A cheese cave is great. Find and old refrigerator (dorm style is good) and order a Johnson controller. I ordered mine online, I don't remember where. It will keep the 'fridge at whatever aging temp you need.


----------



## pinefarm (Jan 9, 2013)

Luvmyherd,I actually have an old fridg in my barn! We use chest freezers to keep our feed in,and have an extra fridg we don't use. What a great idea! If only I quit screwing up the cheese first,or I'll never need it!


----------



## luvmyherd (Apr 9, 2011)

You'll get the hang of it. Then you won't want to stop.
This is what I have.
http://www.beveragefactory.com/draf...C.shtml?CAWELAID=&CA_6C15C=320012430000177571


----------



## luvmyherd (Apr 9, 2011)

I says use it with a freezer but I use mine with an old 'fridge and it works great. (Although I rarely age my cheese anymore. We eat it fresh or freeze it.)
Here is the press my hubby made and a few rounds of my homemade goodies.


----------



## pinefarm (Jan 9, 2013)

Nice! My husband was looking at press plans last night to make one. He'll be very interested to see this one!


----------



## luvmyherd (Apr 9, 2011)

I think my DH found those plans online.


----------



## Hollowdweller (May 5, 2011)

Dayna said:


> I think you are not supposed to use junket rennet.
> 
> http://www.leeners.com/cheese/how-to/morecheesefaq.shtml


What Dayna said!


----------



## pinefarm (Jan 9, 2013)

So I used my new rennet and it worked great. My cheese was a bit salty and dry though. Flavor is good but there are lighter spots here and there. Is it safe to eat? Its good just doesn't look store bought.


----------



## kccjer (Jan 27, 2012)

pinefarm said:


> Nice! My husband was looking at press plans last night to make one. He'll be very interested to see this one!

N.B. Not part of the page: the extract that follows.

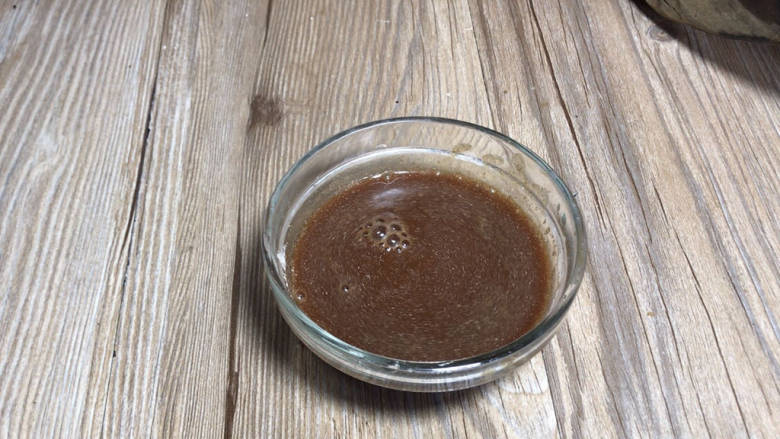 芹菜炒香干,淀粉中加入适量清水,加入所有的调料,拌匀备用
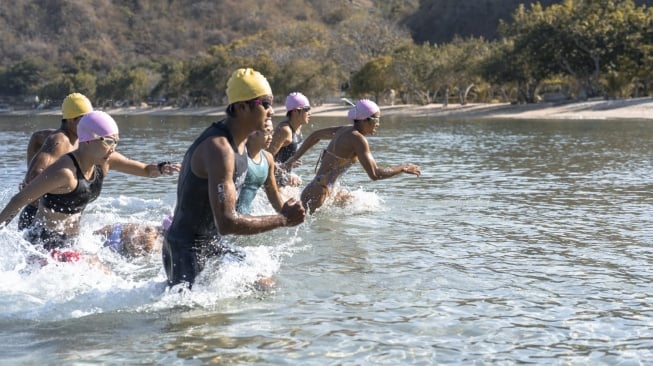 Padukan Olahraga dan Keindahan Alam Labuan Bajo, Taaktana Open Water Festival Digelar Oktober 2024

My press is a dowel rod screwed onto a wooden plate. The dowel is the right size for me to put weights on (like free weights from a weight lifting bar). I have a mold I put the cheese in, then into a canister that is just a little bigger than the mold and then I put my "press" into the canister. Takes up very little space which is what I needed.

pictures in this thread: http://www.thegoatspot.net/forum/f183/best-book-website-soap-cheese-163902/index2.html


----------